(Extracted records)

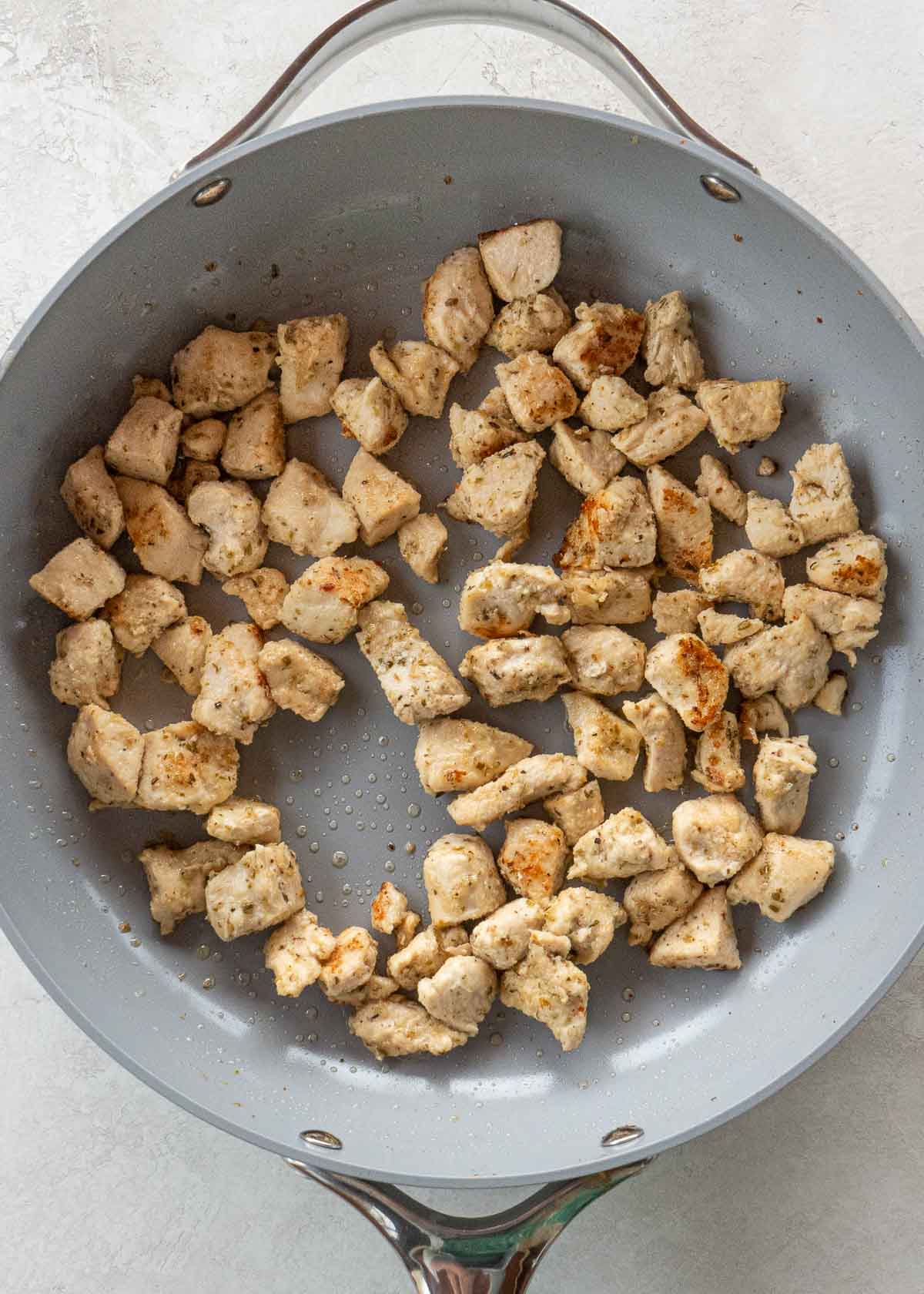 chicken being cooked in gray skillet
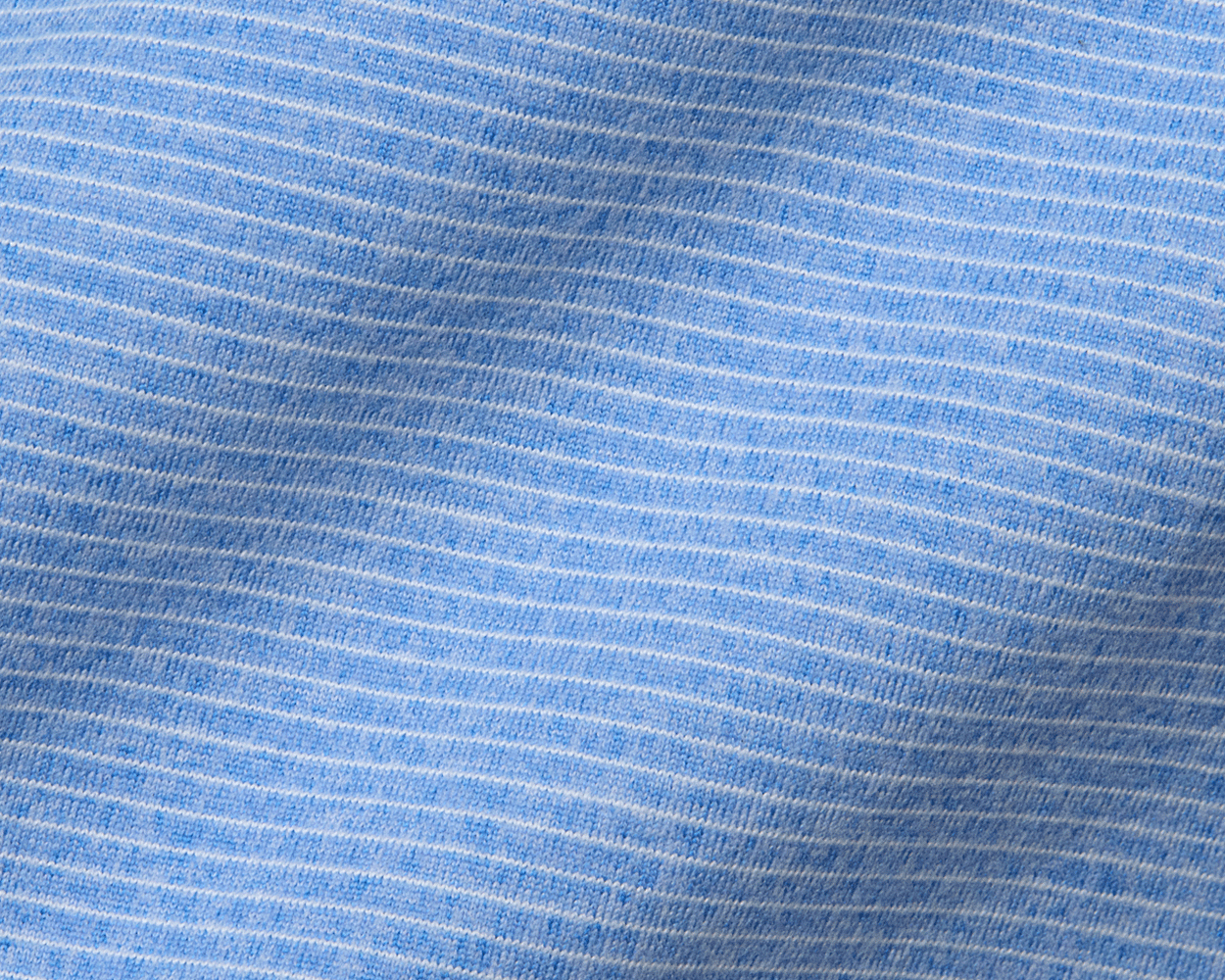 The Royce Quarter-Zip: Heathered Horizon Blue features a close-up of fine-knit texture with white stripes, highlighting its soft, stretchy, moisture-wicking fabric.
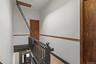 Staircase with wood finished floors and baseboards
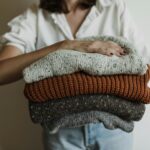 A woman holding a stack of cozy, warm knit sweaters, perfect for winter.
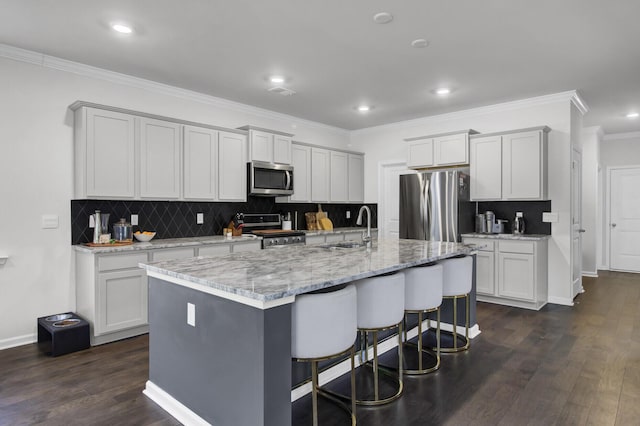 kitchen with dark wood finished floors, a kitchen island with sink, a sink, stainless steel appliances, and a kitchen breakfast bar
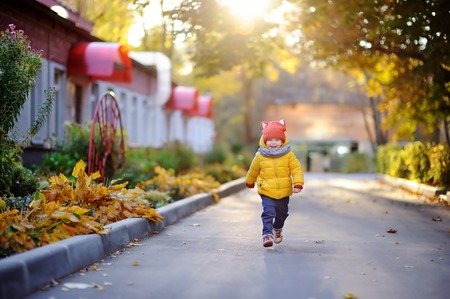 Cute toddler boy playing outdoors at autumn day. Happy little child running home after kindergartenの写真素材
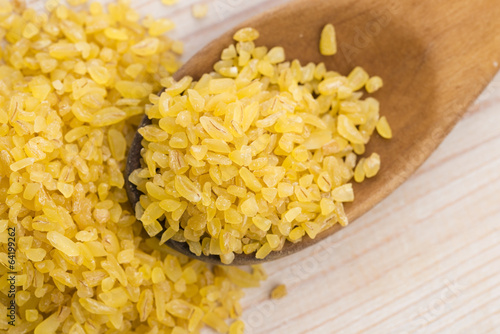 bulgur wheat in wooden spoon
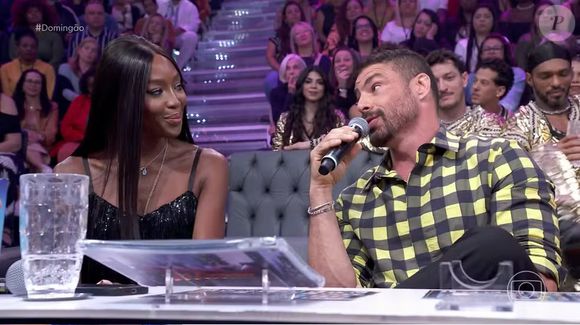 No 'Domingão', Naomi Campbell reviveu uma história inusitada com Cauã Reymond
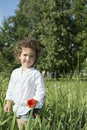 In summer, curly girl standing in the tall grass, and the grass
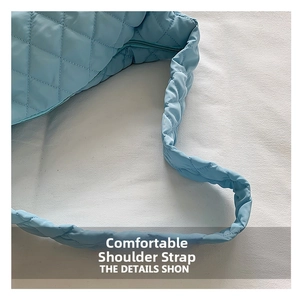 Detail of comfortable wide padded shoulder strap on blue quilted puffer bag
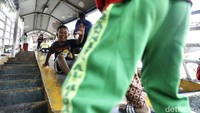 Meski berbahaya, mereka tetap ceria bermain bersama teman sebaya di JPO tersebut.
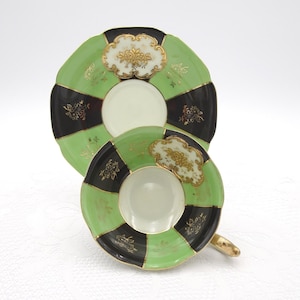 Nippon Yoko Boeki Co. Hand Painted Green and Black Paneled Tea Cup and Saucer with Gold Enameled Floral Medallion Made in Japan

(End Extracted records)

> _Description of the task_: Copy the lines above exactly, starting with the line that contains "Staircase with wood" and ending with the line that contains "kitchen with dark", and leave out any pictures.

> _Solution for this exercise_:
 Staircase with wood finished floors and baseboards
 A woman holding a stack of cozy, warm knit sweaters, perfect for winter.
 kitchen with dark wood finished floors, a kitchen island with sink, a sink, stainless steel appliances, and a kitchen breakfast bar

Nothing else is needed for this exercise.